- [TASK OBJECTIVE]
The line with "Vintage floral shirt L" marks where to begin; print it and all lines after it in the material below exactly, skipping pictures.

- [MATERIALS PROVIDED]

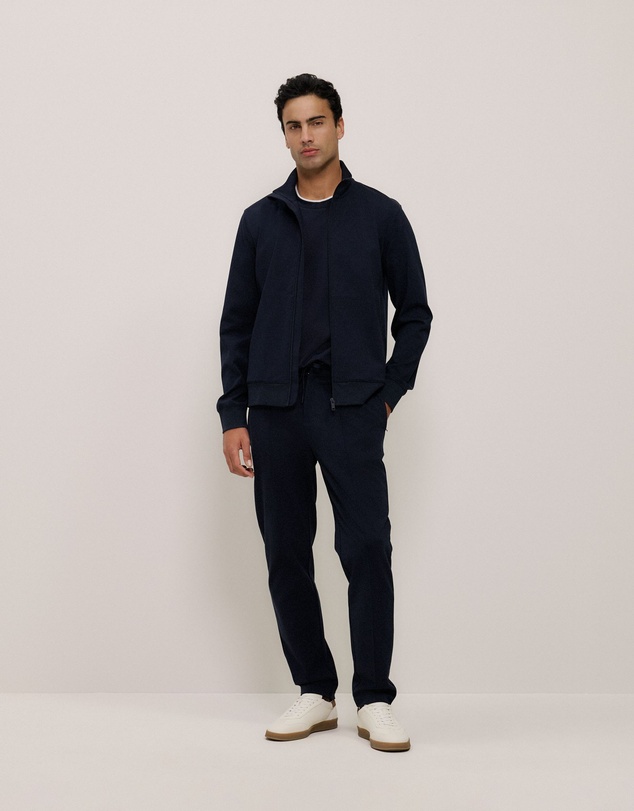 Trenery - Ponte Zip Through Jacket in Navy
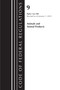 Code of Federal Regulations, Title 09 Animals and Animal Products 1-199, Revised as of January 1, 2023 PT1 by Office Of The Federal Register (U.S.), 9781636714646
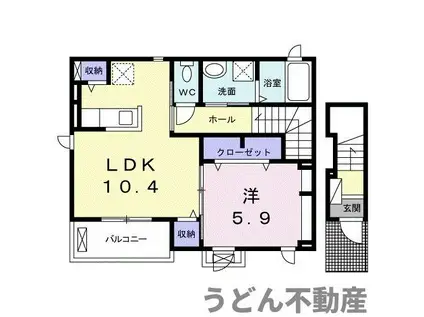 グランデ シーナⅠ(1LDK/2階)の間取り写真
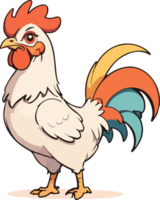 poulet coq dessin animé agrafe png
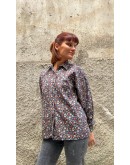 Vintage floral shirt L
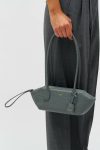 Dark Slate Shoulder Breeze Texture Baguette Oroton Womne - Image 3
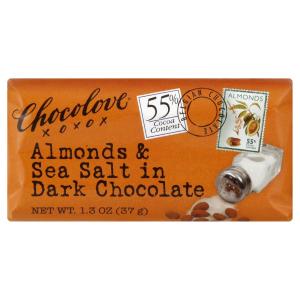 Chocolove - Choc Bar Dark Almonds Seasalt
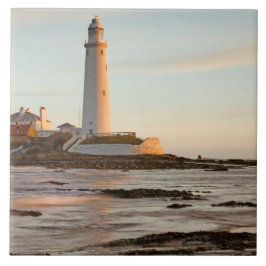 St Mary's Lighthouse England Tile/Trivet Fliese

- [ANSWER TO THIS TASK]
 Vintage floral shirt L
 Dark Slate Shoulder Breeze Texture Baguette Oroton Womne - Image 3
 Chocolove - Choc Bar Dark Almonds Seasalt
 St Mary's Lighthouse England Tile/Trivet Fliese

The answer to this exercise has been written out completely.